Armed with a large vocabulary and a disdain for convention, American poet John Ashbury has won almost every major award for his work, including a Pulitzer in 1976. He was born in New York in 1927 but was brought up on a farm near Lake Ontario and began writing poetry at a very early age.
Influenced by poetic contemporaries such as W.H. Auden and Dylan Thomas, he went to Harvard University and graduated in 1949. There he met other writers and poets including Barbara Epstein and Ed Gorey, before heading to New York where he earned an MA from Columbia University. For the next few years he earned a living writing copy and then, with a scholarship, went to France where he worked on various projects including translations.
His first award came in 1956 for his collection Some Trees which marked his initial forays into experimenting with the avant-garde. He wrote two more collections whilst in France, including Rivers and Mountains in 1966, and then returned to New York, becoming acquainted with the likes of Andy Warhol, and writing the Double Dream of Spring which brought him more recognition when it was published in 1970.
Whilst his earlier poems showed an adherence to poetic form, his later verse became increasingly experimental, challenging the norms of language whilst dealing with the intricate workings of the human mind.

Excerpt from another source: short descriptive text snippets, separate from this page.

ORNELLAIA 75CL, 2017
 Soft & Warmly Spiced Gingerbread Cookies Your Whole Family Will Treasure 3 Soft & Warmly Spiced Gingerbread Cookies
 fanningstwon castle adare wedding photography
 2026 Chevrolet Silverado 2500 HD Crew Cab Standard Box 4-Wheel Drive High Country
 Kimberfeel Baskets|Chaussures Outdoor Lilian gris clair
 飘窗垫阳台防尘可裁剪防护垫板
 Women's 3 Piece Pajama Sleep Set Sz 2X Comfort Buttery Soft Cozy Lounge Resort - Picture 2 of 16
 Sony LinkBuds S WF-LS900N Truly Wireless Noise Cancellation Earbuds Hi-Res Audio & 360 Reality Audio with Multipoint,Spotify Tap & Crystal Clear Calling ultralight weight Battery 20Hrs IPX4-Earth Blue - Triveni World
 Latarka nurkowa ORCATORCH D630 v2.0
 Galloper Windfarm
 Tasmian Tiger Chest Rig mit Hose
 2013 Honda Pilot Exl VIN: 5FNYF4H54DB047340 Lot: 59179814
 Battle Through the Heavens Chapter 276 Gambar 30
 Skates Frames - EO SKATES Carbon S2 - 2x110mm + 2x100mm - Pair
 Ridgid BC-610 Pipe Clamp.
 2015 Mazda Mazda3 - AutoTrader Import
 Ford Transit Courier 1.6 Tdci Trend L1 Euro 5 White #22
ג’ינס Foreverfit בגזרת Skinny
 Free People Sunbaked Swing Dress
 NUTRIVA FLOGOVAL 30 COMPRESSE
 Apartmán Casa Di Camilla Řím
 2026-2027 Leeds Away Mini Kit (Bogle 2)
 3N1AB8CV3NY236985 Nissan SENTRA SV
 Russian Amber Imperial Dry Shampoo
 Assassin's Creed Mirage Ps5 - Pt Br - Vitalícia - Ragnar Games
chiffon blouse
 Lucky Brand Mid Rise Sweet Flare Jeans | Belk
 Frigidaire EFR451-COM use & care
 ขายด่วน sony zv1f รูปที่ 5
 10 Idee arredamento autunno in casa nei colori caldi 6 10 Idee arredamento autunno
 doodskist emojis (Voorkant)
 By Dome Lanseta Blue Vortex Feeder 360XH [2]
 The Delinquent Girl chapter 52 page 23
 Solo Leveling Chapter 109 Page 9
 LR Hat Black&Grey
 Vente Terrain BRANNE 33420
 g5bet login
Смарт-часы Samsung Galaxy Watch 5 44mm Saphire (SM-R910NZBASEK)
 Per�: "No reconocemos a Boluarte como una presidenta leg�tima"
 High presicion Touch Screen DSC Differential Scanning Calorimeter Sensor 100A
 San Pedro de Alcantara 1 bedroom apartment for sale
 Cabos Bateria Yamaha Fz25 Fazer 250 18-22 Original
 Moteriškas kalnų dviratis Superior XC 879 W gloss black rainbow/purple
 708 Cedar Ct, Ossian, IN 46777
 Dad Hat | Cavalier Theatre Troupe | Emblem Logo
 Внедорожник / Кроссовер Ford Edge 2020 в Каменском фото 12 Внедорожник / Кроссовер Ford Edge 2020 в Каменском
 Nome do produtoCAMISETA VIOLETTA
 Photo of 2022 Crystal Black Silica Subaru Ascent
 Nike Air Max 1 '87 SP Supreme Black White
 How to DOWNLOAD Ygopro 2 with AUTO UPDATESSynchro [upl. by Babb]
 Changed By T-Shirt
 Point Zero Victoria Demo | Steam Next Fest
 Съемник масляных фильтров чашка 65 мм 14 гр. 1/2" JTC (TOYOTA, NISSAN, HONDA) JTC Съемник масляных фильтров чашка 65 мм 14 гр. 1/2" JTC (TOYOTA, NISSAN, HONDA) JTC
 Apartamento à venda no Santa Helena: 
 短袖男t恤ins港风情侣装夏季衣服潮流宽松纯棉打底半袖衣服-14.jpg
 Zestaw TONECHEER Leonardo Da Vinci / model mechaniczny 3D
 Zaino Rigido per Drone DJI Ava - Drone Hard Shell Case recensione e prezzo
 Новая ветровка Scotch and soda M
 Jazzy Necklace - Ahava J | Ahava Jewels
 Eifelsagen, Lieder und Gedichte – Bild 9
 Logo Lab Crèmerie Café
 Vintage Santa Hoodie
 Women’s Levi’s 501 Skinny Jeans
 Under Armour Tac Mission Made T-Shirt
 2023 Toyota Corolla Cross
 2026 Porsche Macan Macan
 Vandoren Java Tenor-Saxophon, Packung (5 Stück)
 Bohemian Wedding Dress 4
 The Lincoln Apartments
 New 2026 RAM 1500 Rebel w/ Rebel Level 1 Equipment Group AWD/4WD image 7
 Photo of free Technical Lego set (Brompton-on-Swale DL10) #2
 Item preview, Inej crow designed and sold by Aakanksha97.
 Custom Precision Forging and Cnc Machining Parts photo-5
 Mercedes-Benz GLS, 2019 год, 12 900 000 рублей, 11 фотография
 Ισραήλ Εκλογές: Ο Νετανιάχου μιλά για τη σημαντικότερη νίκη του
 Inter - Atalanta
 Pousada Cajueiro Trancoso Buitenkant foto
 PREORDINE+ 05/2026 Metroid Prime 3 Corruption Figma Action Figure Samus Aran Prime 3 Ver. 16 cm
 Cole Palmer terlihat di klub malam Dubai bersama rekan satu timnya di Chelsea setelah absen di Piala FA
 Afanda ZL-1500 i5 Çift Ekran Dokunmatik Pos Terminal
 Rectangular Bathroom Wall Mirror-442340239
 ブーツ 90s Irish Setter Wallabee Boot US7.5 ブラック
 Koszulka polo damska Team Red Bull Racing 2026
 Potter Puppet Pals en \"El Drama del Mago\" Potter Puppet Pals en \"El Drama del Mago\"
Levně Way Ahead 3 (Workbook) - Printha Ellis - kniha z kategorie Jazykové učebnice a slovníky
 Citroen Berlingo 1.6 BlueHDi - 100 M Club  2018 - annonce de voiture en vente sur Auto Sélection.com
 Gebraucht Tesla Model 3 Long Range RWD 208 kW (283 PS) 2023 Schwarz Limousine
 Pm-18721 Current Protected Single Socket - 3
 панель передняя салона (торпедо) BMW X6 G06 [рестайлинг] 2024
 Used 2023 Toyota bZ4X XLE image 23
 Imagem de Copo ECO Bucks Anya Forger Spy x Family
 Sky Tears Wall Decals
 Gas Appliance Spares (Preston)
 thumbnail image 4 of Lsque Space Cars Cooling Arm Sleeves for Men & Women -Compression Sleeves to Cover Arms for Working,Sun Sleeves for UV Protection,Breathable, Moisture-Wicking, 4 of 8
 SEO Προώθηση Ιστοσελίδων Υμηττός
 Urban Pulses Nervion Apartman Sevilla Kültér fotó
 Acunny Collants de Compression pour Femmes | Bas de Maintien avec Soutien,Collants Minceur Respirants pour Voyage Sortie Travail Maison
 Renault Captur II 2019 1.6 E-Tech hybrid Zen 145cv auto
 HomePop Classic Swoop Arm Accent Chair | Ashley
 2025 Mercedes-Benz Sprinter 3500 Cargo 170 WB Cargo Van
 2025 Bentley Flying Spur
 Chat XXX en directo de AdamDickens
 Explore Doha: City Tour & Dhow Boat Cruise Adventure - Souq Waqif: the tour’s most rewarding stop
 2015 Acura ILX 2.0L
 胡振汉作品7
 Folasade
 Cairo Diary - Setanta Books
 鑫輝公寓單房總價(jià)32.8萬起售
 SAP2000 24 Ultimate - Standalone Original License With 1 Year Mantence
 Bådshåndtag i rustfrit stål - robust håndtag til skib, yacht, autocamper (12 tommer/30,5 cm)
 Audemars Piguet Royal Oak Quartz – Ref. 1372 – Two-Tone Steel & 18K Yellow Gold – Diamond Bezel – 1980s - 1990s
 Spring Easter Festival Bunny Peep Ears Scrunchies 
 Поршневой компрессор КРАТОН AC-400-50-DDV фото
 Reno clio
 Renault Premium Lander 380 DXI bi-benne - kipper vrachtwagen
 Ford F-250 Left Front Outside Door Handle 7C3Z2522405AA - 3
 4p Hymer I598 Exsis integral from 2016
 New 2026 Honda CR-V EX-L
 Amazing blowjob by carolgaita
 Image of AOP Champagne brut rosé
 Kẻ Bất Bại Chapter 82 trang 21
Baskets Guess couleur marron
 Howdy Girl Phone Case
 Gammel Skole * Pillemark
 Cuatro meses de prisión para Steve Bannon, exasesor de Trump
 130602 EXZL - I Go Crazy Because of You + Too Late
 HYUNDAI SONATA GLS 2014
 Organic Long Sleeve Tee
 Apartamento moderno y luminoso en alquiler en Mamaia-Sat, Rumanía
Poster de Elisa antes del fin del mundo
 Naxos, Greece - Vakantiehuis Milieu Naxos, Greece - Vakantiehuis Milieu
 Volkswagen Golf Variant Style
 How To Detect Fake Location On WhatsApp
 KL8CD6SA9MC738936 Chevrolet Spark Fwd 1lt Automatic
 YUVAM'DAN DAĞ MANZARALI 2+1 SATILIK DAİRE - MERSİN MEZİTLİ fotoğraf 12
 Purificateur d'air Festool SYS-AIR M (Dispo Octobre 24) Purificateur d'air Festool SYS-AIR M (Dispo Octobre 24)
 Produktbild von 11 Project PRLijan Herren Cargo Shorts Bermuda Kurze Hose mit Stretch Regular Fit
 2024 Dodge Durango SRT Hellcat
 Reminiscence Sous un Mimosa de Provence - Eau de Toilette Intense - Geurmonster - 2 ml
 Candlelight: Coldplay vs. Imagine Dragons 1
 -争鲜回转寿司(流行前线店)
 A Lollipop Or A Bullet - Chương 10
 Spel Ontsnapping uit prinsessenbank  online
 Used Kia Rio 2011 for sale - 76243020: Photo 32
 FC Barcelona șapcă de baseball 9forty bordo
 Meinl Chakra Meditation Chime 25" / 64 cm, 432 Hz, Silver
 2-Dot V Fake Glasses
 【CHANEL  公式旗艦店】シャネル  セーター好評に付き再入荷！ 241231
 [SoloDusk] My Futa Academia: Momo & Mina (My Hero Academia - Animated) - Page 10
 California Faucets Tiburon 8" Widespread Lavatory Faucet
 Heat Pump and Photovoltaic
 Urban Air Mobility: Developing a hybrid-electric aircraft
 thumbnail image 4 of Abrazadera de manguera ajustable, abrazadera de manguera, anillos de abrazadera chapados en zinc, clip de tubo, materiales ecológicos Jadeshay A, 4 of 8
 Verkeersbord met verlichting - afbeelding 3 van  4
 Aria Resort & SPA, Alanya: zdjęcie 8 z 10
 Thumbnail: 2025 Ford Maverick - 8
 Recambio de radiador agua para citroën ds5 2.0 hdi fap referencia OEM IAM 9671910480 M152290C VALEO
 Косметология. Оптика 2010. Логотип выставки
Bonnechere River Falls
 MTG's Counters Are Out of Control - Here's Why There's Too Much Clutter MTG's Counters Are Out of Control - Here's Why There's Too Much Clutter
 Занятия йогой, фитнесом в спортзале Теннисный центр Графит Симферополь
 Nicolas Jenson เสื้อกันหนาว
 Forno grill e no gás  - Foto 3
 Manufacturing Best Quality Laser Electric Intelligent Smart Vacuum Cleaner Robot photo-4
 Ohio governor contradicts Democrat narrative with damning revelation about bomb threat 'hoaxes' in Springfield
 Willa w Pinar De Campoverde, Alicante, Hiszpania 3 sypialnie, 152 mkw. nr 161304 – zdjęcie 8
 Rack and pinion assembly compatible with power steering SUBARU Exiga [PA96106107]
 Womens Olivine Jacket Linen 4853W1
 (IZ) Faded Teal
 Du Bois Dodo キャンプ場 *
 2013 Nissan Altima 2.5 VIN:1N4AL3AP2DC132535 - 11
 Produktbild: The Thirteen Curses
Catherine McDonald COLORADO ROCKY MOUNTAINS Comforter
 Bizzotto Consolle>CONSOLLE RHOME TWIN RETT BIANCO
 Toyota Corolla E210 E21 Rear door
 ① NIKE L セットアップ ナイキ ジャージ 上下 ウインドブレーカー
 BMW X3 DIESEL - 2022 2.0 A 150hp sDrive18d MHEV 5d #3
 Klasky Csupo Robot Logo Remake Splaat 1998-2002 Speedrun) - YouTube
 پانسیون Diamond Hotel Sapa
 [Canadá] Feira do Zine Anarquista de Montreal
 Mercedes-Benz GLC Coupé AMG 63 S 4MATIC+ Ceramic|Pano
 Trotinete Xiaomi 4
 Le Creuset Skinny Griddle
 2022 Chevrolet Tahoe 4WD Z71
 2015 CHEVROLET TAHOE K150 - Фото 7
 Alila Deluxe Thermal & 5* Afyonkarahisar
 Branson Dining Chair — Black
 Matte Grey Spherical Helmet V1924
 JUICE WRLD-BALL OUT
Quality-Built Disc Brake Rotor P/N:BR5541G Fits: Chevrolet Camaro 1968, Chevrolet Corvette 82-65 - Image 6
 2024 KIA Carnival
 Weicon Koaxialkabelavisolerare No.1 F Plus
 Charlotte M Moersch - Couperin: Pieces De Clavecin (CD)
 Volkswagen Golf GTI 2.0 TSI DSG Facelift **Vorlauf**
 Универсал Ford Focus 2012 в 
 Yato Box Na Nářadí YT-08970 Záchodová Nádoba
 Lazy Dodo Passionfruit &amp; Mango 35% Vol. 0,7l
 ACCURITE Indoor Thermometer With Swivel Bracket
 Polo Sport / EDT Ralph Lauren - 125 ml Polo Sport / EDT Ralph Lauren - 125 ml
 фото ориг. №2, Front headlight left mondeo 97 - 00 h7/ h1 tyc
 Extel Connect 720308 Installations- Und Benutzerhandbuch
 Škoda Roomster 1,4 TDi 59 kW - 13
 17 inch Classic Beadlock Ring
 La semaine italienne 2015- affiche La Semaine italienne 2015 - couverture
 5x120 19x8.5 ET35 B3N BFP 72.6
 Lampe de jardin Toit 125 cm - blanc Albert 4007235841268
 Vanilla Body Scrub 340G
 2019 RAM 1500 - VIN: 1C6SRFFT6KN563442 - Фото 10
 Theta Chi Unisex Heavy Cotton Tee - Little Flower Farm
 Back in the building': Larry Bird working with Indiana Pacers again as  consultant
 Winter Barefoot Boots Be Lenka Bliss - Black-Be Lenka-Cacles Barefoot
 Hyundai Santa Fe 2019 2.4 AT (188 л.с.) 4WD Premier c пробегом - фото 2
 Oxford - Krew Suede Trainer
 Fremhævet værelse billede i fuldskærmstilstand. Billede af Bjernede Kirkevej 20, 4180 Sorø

Through the 70s he came to be seen as one of America’s more influential poets and in 1975 he produced Self Portrait in a Convex Mirror which won him the Pulitzer Prize and several other awards.
Like many poets in America at the time, Ashbery’s verse had been influenced by painters particularly the abstract expressionists and his work as an art critic may well have helped form his uniquely experimental style.
At times difficult to read, his poetry has garnered many imitators and critics over the years as it attempts to reflect the multifaceted nature of life itself. He doesn’t believe in poetry that flows along neat lines because life is disjointed and this has often led to criticism that his poems are garbled and disjointed.
Since he published his Pulitzer Prize winning Portrait in a Convex Mirror, Ashbery has produced no fewer than 18 books that have confused, confounded and delighted critics. In later years, he has turned his attention to the notion of aging and death with works such as Girls on the Run and A Worldly Country and he has been compared to Walt Whitman on numerous occasions. Each of his poems contains a diverse range of images, tones, and sounds, veering this way and that as the mind does. An example of this style is one of his most well-known works, Paradoxes and Oxymorons, which explores the relationship between culture and identity.
Between 2001 and 2003, Ashbery became Poet Laureate for New York State and his latest work, Quick Question appeared in 2012. Now approaching his 90s, he divides his time between New York and Hudson and still lives with his partner David Kermani.